→ **Exercise requirements**
Go through the data underneath and copy every line exactly.
[[ Material provided, beginning ]]
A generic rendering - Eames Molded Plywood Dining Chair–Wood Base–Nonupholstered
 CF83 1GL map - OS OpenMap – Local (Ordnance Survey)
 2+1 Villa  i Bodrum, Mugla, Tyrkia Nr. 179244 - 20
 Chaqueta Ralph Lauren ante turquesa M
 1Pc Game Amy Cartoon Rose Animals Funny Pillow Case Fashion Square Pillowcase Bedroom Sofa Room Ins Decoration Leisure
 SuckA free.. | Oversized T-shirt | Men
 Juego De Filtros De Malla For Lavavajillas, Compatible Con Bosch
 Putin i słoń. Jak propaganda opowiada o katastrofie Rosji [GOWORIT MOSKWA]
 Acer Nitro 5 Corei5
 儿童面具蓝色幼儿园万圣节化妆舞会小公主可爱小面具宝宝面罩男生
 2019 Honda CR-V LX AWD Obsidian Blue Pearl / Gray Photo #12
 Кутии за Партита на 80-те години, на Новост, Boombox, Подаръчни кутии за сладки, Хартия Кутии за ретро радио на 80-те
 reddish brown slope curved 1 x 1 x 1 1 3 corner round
[[ Material provided, end ]]
→ **Result of the exercise**
A generic rendering - Eames Molded Plywood Dining Chair–Wood Base–Nonupholstered
 CF83 1GL map - OS OpenMap – Local (Ordnance Survey)
 2+1 Villa  i Bodrum, Mugla, Tyrkia Nr. 179244 - 20
 Chaqueta Ralph Lauren ante turquesa M
 1Pc Game Amy Cartoon Rose Animals Funny Pillow Case Fashion Square Pillowcase Bedroom Sofa Room Ins Decoration Leisure
 SuckA free.. | Oversized T-shirt | Men
 Juego De Filtros De Malla For Lavavajillas, Compatible Con Bosch
 Putin i słoń. Jak propaganda opowiada o katastrofie Rosji [GOWORIT MOSKWA]
 Acer Nitro 5 Corei5
 儿童面具蓝色幼儿园万圣节化妆舞会小公主可爱小面具宝宝面罩男生
 2019 Honda CR-V LX AWD Obsidian Blue Pearl / Gray Photo #12
 Кутии за Партита на 80-те години, на Новост, Boombox, Подаръчни кутии за сладки, Хартия Кутии за ретро радио на 80-те
 reddish brown slope curved 1 x 1 x 1 1 3 corner round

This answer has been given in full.